Wood Mackenzie fired the loudest shot last week. The consultancy said Brent could "soon hit $150" and that $200 was "not outside the realms of possibility" in 2026. Their argument boils down to one point: the supply volumes at risk today are dimensionally bigger than anything the market faced during the 2022 Ukraine crisis, and this time the barrels are not just rerouting — they are physically gone.
What the banks are saying
Goldman Sachs raised its Q4 Brent forecast to $71 from $66 in a base case that assumes the Strait of Hormuz reopens within weeks. Under a two-month disruption scenario, their Q4 estimate jumps to $93. For March, Goldman expects Brent to average above $100.
Barclays warned that Brent could test $120 if the conflict drags on another couple of weeks, with a higher-end scenario of $150 before month-end.
UBS sees prices staying above $100 and flagged $120 as likely if Hormuz flows remain disrupted. At that level, the bank said, markets enter "demand destruction territory" — the point where buyers simply stop buying because they cannot afford it.
The $200 math
Vandana Hari of Vanda Insights pointed out that Middle Eastern crudes like Oman and Dubai have "already crossed the $150 threshold, so $200 is already within sight." Brent and WTI, which are priced off Atlantic basin supply, have lagged their Gulf equivalents because alternative barrels from the Americas and West Africa can still move freely.
But the gap is narrowing. Gulf states have cut total oil production by at least 10 million barrels a day since the Strait of Hormuz was blockaded. The IEA released a record 400 million barrels from strategic reserves, yet prices barely flinched.
Adi Imsirovic at the University of Oxford called $200 oil "perfectly possible" but warned it "would be a major handbrake to the world economy." Bob McNally of Rapidan Energy framed the question differently: there is some price above the 2008 record of $147.50 — roughly $224 in today's dollars — where "buyers exiting through demand destruction" finally caps the rally. Nobody knows exactly where that threshold sits.
The bears still have a case
Not everyone is panicking. Sasha Foss at Marex in London called $200 Brent "pretty outlandish." Her reasoning: producers outside the Gulf are ramping up. The United States, Canada, Argentina, Brazil, and Guyana are all adding barrels. Alternative shipping routes around the Cape of Good Hope, while slower and more expensive, are starting to absorb some of the displaced crude.
J.P. Morgan's base case still sees Brent averaging around $60 by the end of the year, assuming soft demand fundamentals reassert themselves once the conflict winds down.

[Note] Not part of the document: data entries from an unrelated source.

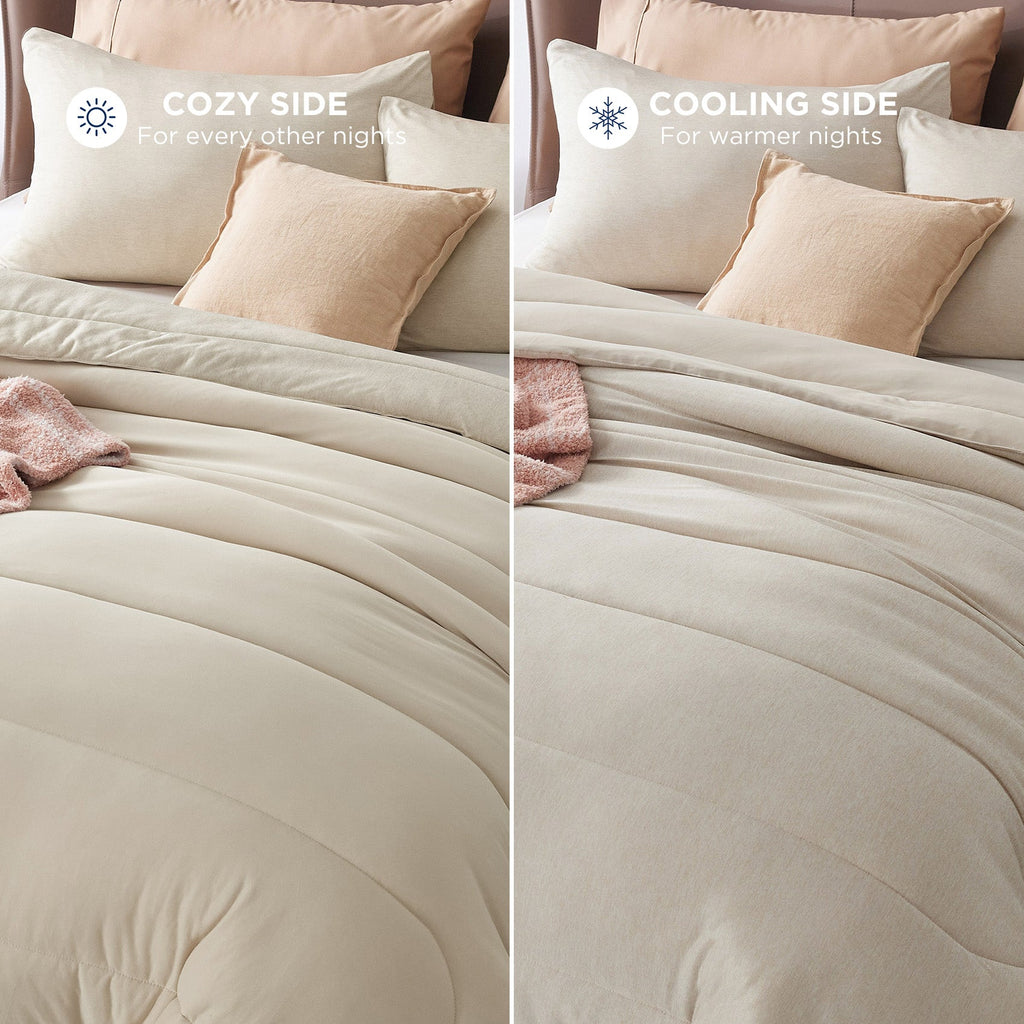 Bed Comforter, Reversible Warm and Cooling Set, Breathable Construction for Year-Round Bedroom Comfort and Restful Sleep image 21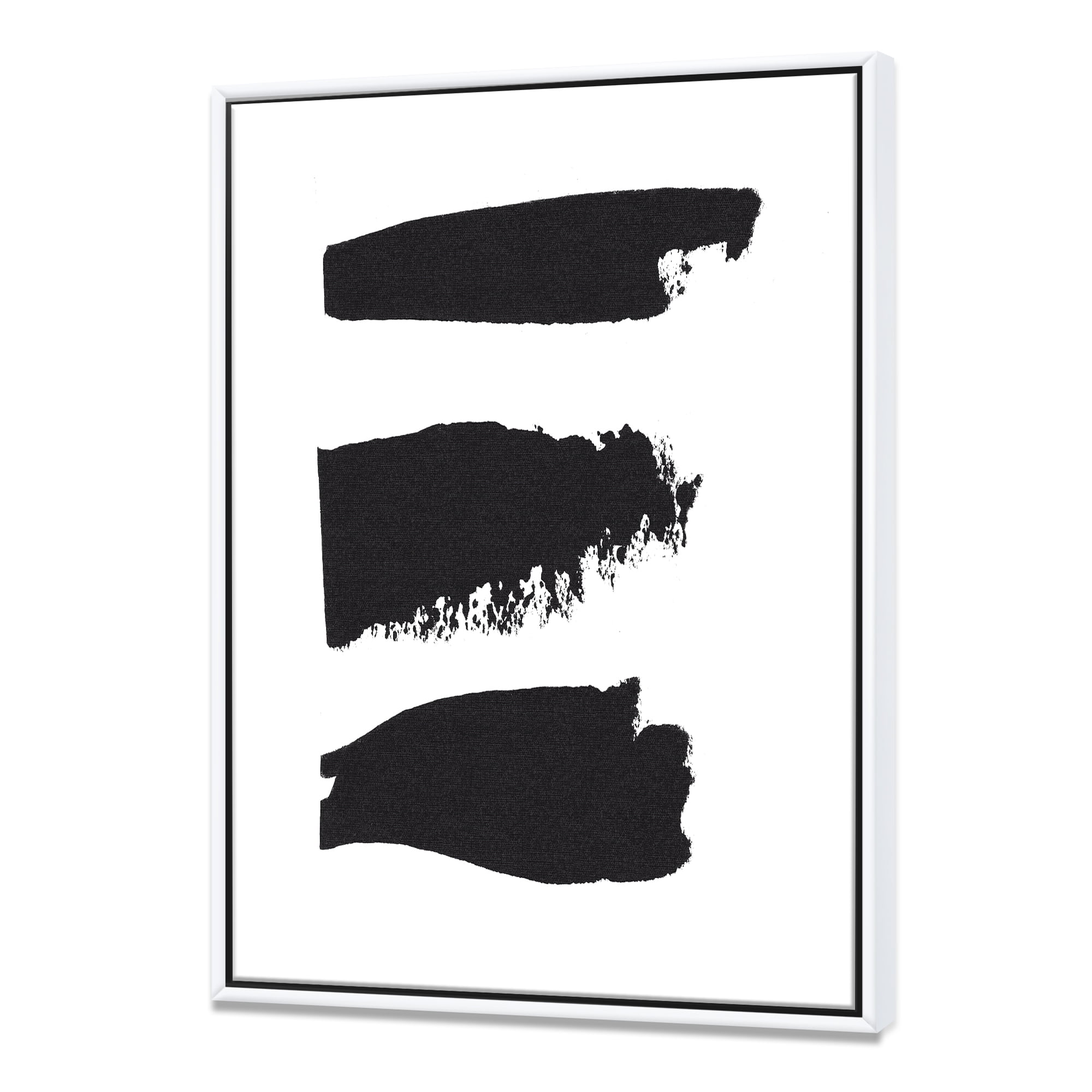 Designart ' Black and White Geometric Company II ' MidCentury Modern Framed Canvas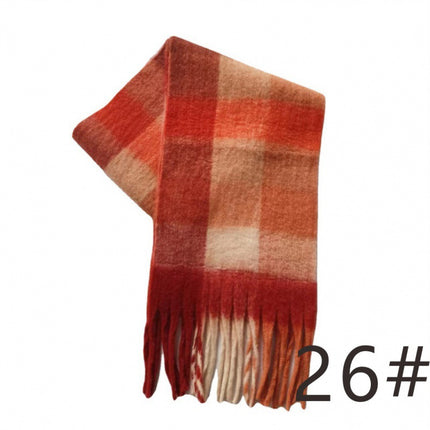 Autumn and winter European and American color matching AC cashmere thick tassel scarf rainbow plaid mohair warm female student plus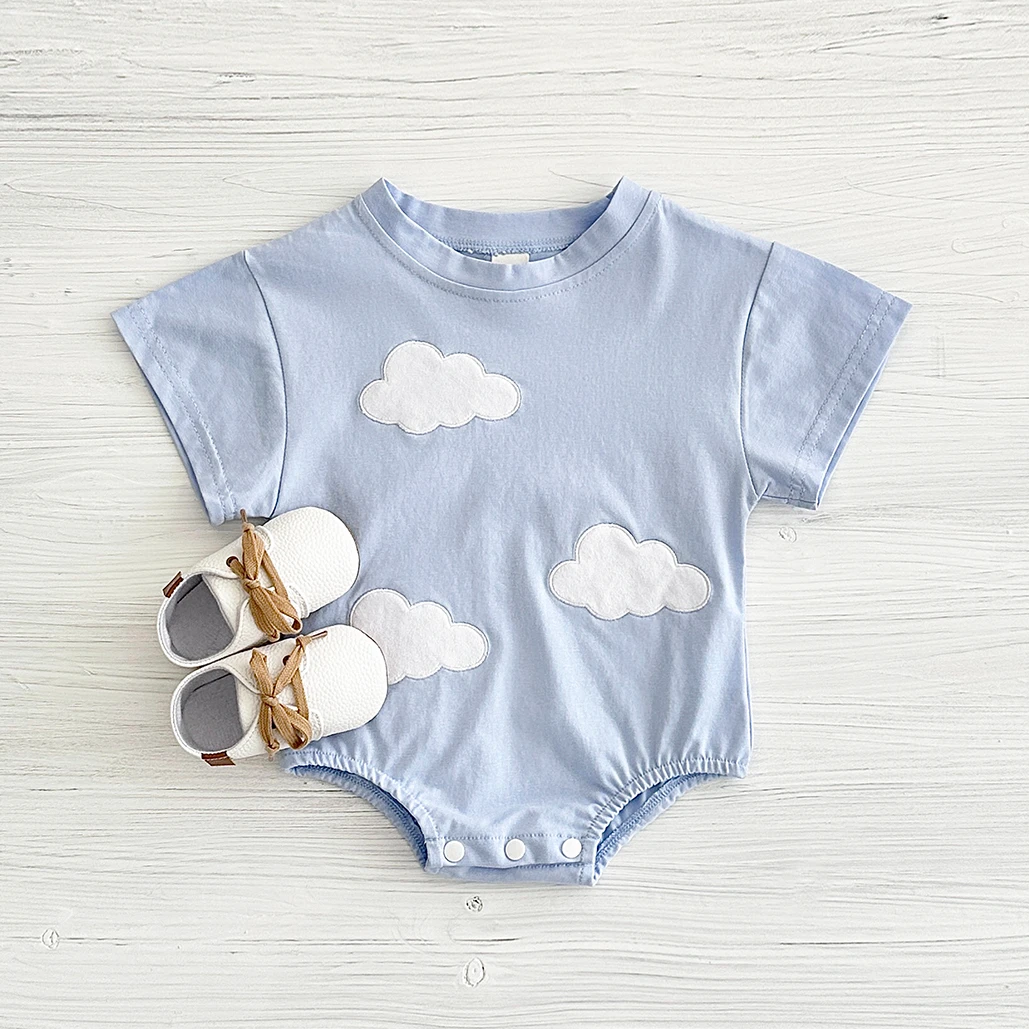 New Summer Infant Short Sleeve Romper Baby Triangle Bodysuit Clothes Baby Girl Jumpsuit Love Cloud Pattern Cartoon Boy 0-18M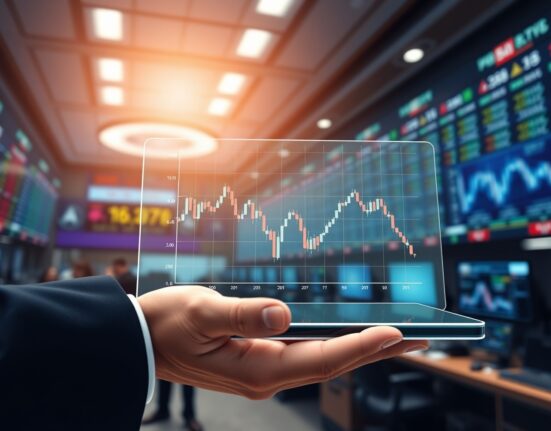 Analyst hand holding a tablet showing a downward-trending Bitcoin price chart, representing Citigroup's revised forecast.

Their analysts noted that global oil supply was set to outpace demand even before the war started.
What decides the ceiling
The range of outcomes has never been this wide. Goldman sees $71 Brent by Q4. Wood Mackenzie sees $200 as plausible before then. The spread between those two numbers is a bet on how fast the Strait of Hormuz reopens.
If shipping resumes within weeks, prices likely fall back below $80 by summer as spare capacity and reserve releases catch up. If the strait stays choked into the second quarter, the market runs out of cushions. Strategic reserves deplete, alternative routes hit capacity limits, and Asian buyers start competing aggressively for every available cargo.
Brent briefly spiked above $119 on March 19 after Iran struck Qatar's Ras Laffan LNG complex. It pulled back within hours on de-escalation hopes. That single session captured the dynamic perfectly: every headline can swing crude $10 in either direction, and the next one could push it toward territory the market has never seen.